▸ **Raw data**:
::::::::::

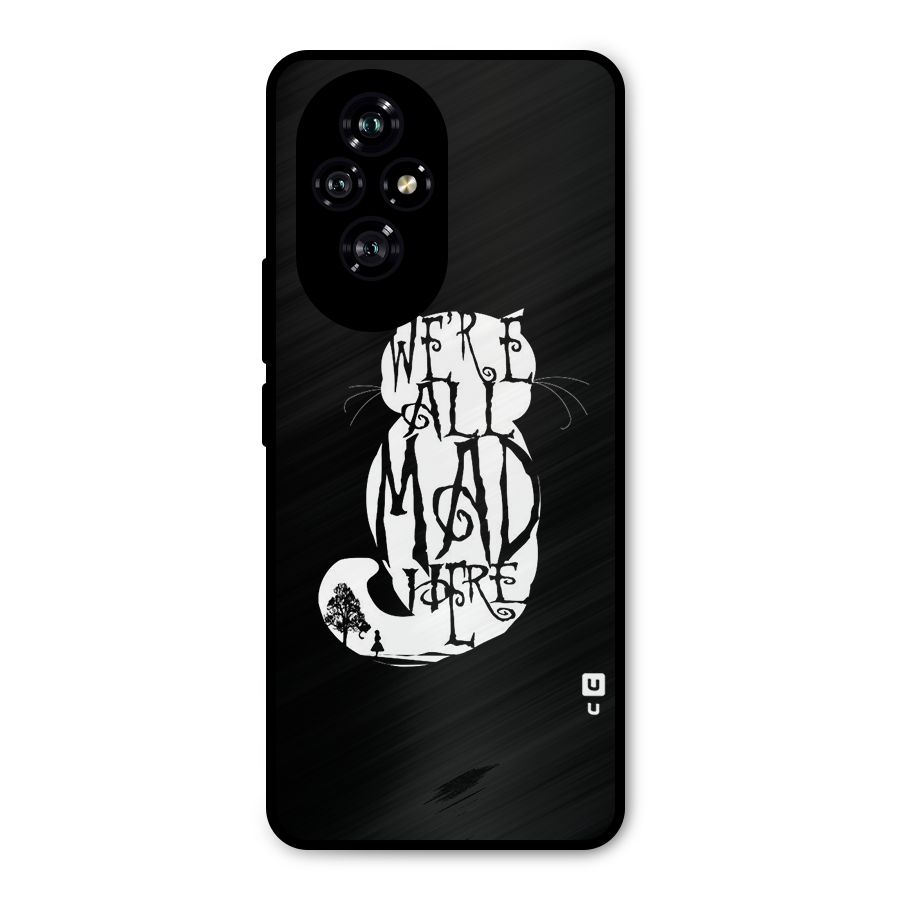 We All Mad Here Metal Back Case for Honor 200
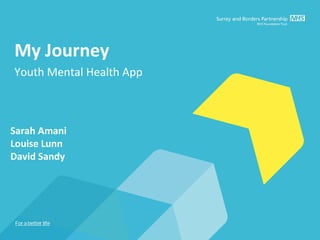 My Journey
Youth Mental Health App
Sarah Amani
Louise Lunn
David Sandy
 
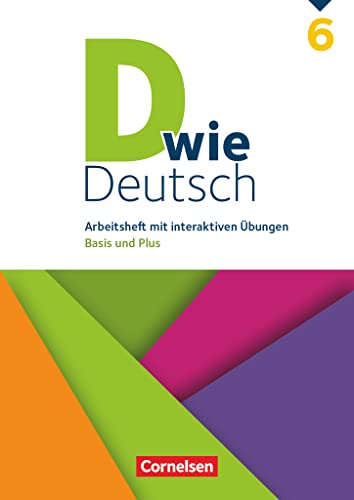 Stock image for D wie Deutsch: 6. Schuljahr - Arbeitsheft mit interaktiven bungen auf scook.de: Basis und Plus for sale by medimops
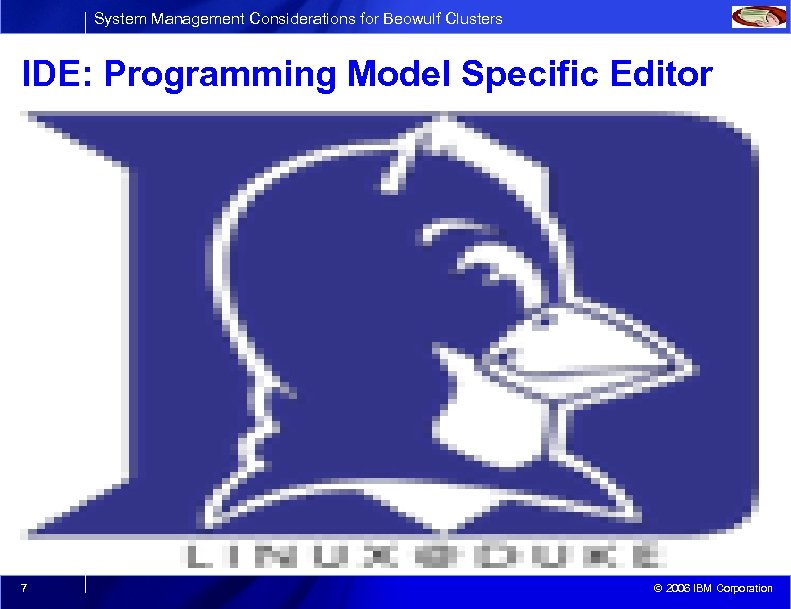 System Management Considerations for Beowulf Clusters IDE: Programming Model Specific Editor 7 © 2006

::::::::::

▸ **What to work on**: Output each record above word for word, leaving out images.

▸ **Output for this exercise**:
 We All Mad Here Metal Back Case for Honor 200
 My Journey
Youth Mental Health App
Sarah Amani
Louise Lunn
David Sandy
 
 Stock image for D wie Deutsch: 6. Schuljahr - Arbeitsheft mit interaktiven bungen auf scook.de: Basis und Plus for sale by medimops
 System Management Considerations for Beowulf Clusters IDE: Programming Model Specific Editor 7 © 2006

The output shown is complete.